DATA IN THIS EXERCISE below:

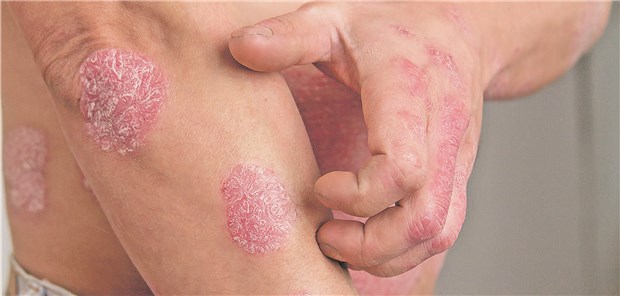 Bei Psoriasis sind Lokaltherapeutika oft die Behandlungsmittel der ersten Wahl.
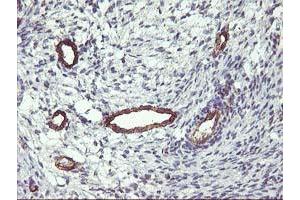 Image no. 2 for anti-Family with Sequence Similarity 84, Member B (FAM84B) antibody (ABIN1498212) (FAM84B 抗体)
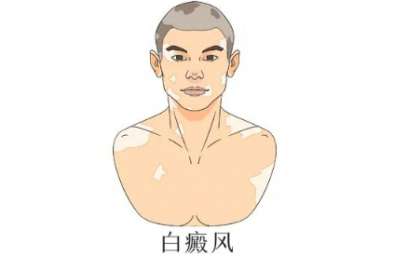专家支招|你对白癜风了解多少？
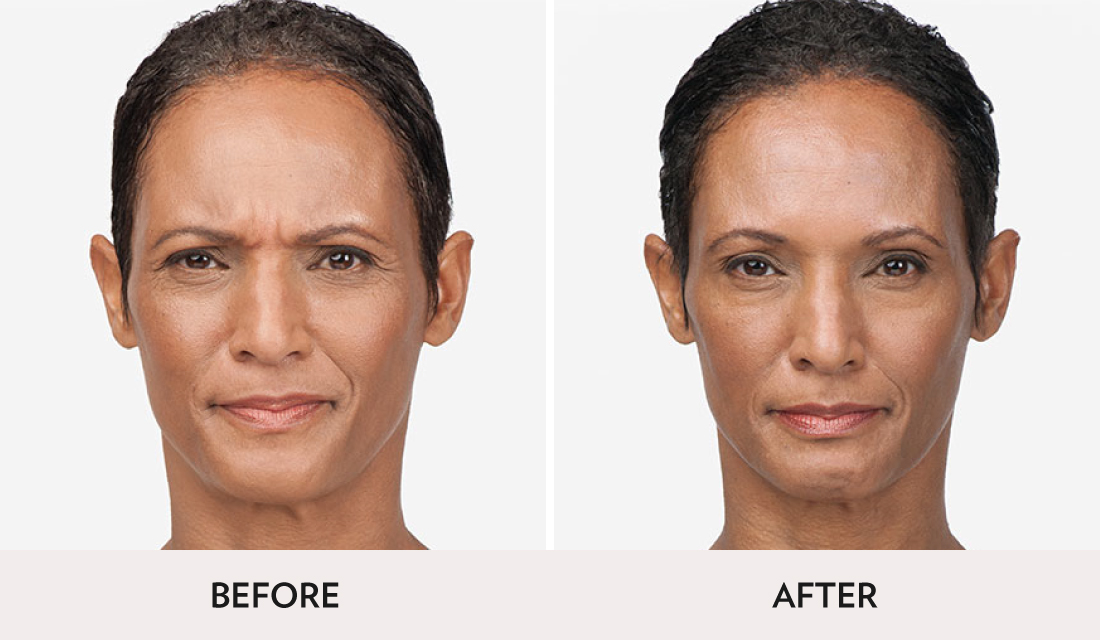 Botox Dysport Before After | Spa Radiance Medical | San Francisco Med Spa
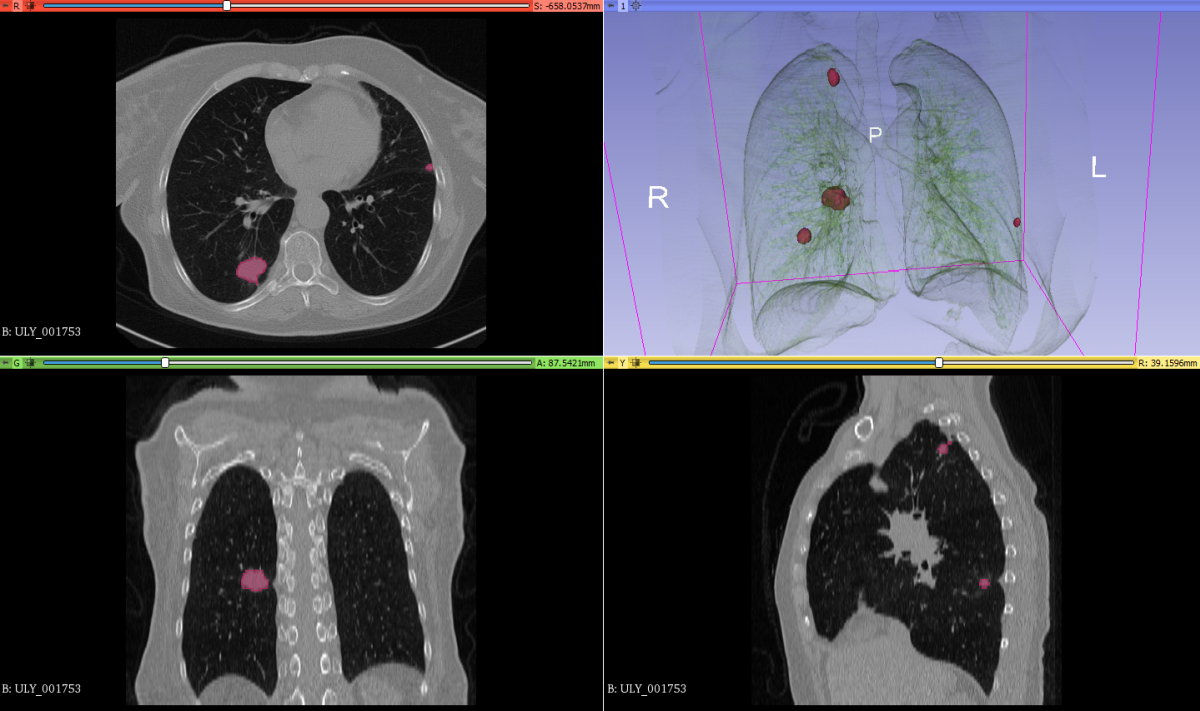 Lung cancer detection possible 10 years prior with ai
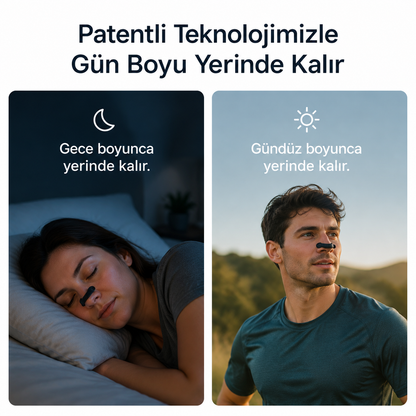 Elimest Manyetik Burun Bandı Seti 30'lu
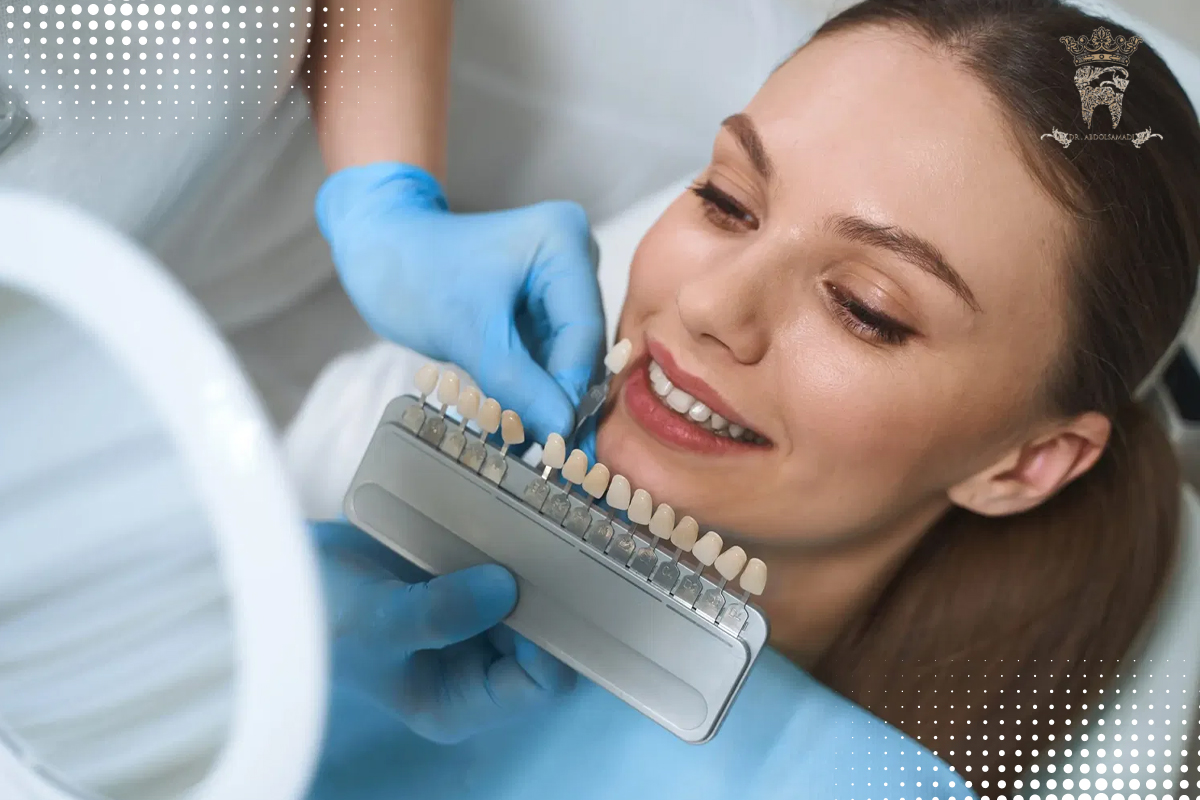 لمینت دندان کامپوزیتی چیست؟ مزایا، کاربرد، مقایسه با لمینت سرامیکی و نکات مراقبتی 4 لمینت دندان کامپوزیتی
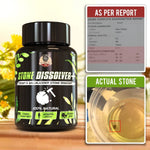 Stone Dissolver CHANCAPIEDRA - Solución Natural para la Eliminación de Cálculos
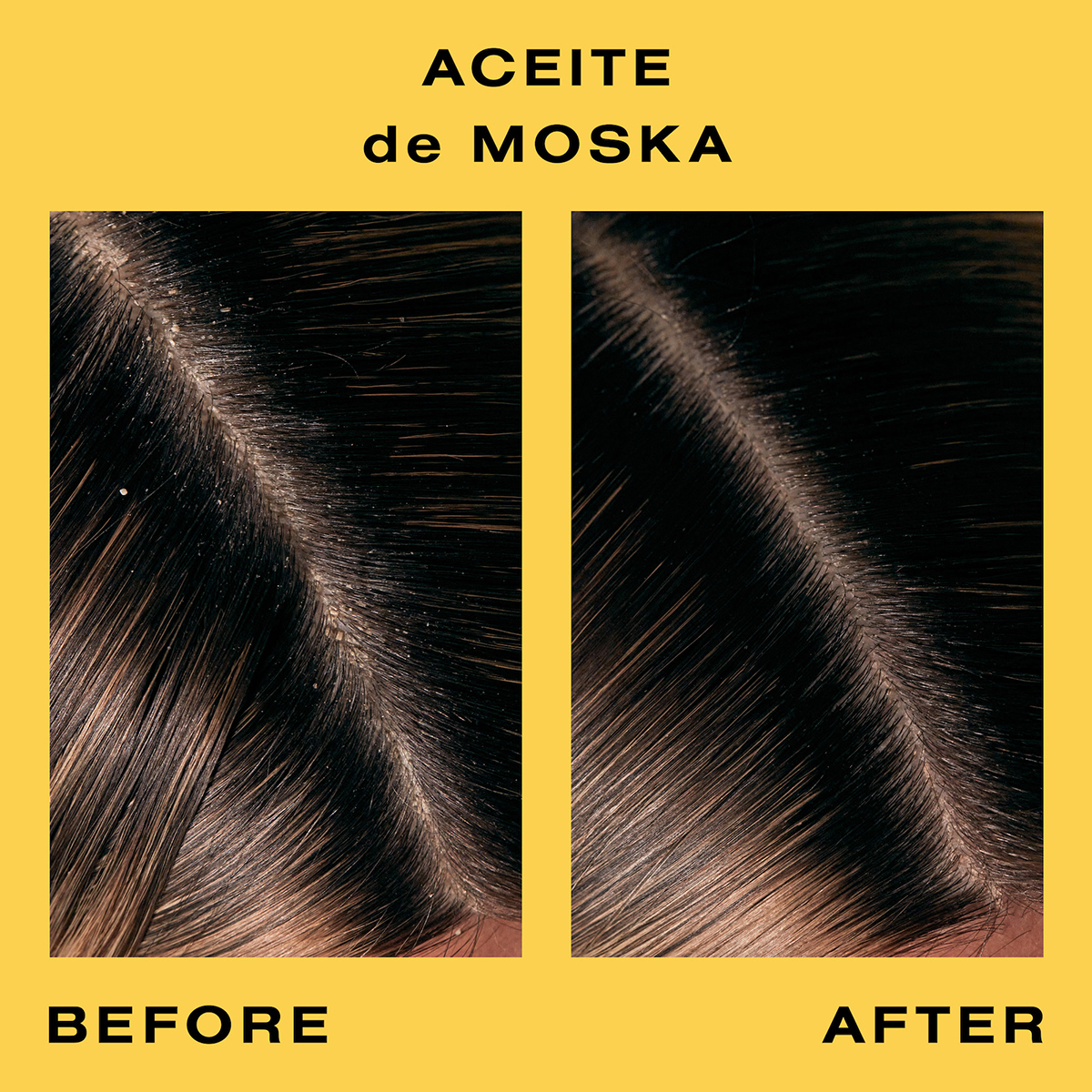 Ceremonia - Aceite de Moska Scalp Oil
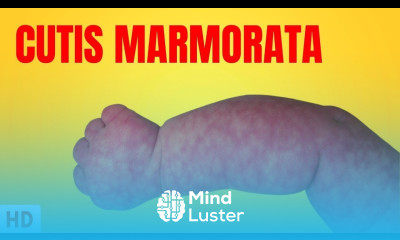 What is Cutis Marmorata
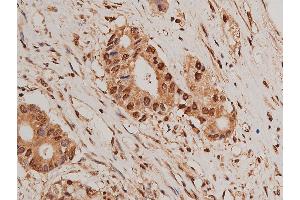 ABIN6269405 at 1/50 staining human colon cancer tissue sections by IHC-P. (HDAC5 anticorps)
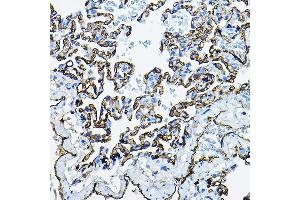 Immunohistochemistry of paraffin-embedded rat lung using  Rabbit pAb (ABIN3016739, ABIN3016740, ABIN3016741, ABIN1678526 and ABIN6219830) at dilution of 1:100 (40x lens). (Angiotensin I Converting Enzyme 1 anticorps  (AA 30-270))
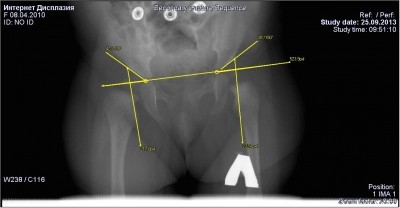 Недоразвитие тазобедренных суставов у грудничков
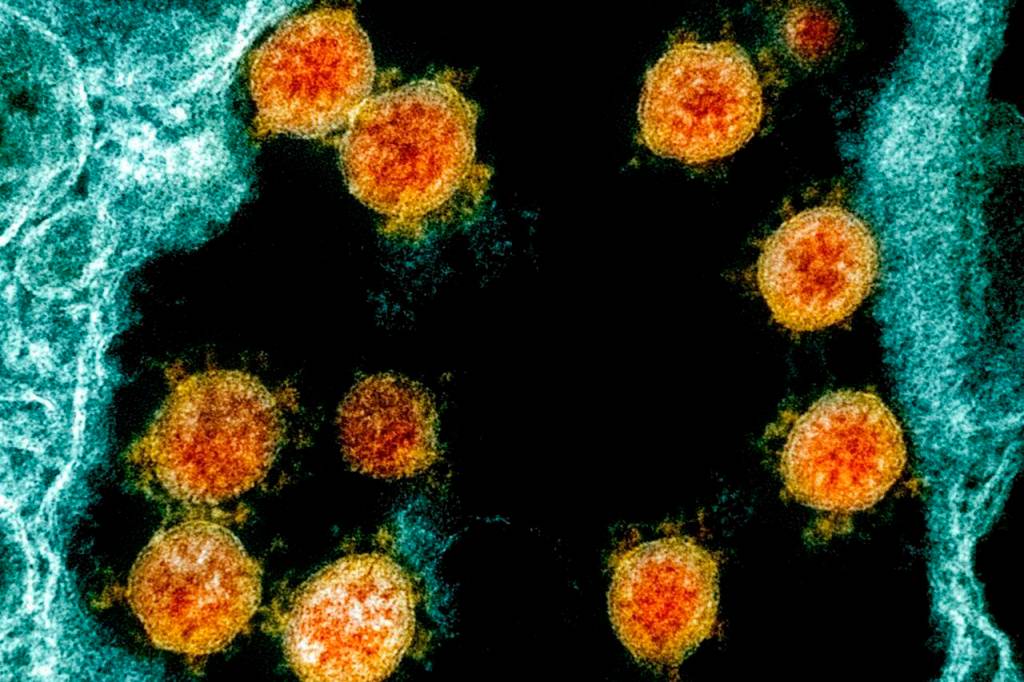 This electron microscope image made available and color-enhanced by the National Institute of Allergy and Infectious Diseases Integrated Research Facility in Fort Detrick, Md., shows Novel Coronavirus SARS-CoV-2 virus particles, orange, isolated from a patient. Putting an end to the COVID-19 pandemic will mean priming the immune systems of everyone on Earth but the virus is mutating and could take years to "settle down," says an expert. THE CANADIAN PRESS/AP-NIAID/National Institutes of Health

End of DATA IN THIS EXERCISE.

PROBLEM STATEMENT: Make an exact copy of the records from their first line through the line containing "Недоразвитие тазобедренных суставов", both ends included, with the pictures omitted.

ANSWER TO THE PROBLEM:
 Bei Psoriasis sind Lokaltherapeutika oft die Behandlungsmittel der ersten Wahl.
 Image no. 2 for anti-Family with Sequence Similarity 84, Member B (FAM84B) antibody (ABIN1498212) (FAM84B 抗体)
专家支招|你对白癜风了解多少？
 Botox Dysport Before After | Spa Radiance Medical | San Francisco Med Spa
 Lung cancer detection possible 10 years prior with ai
 Elimest Manyetik Burun Bandı Seti 30'lu
 لمینت دندان کامپوزیتی چیست؟ مزایا، کاربرد، مقایسه با لمینت سرامیکی و نکات مراقبتی 4 لمینت دندان کامپوزیتی
 Stone Dissolver CHANCAPIEDRA - Solución Natural para la Eliminación de Cálculos
 Ceremonia - Aceite de Moska Scalp Oil
 What is Cutis Marmorata
 ABIN6269405 at 1/50 staining human colon cancer tissue sections by IHC-P. (HDAC5 anticorps)
 Immunohistochemistry of paraffin-embedded rat lung using  Rabbit pAb (ABIN3016739, ABIN3016740, ABIN3016741, ABIN1678526 and ABIN6219830) at dilution of 1:100 (40x lens). (Angiotensin I Converting Enzyme 1 anticorps  (AA 30-270))
 Недоразвитие тазобедренных суставов у грудничков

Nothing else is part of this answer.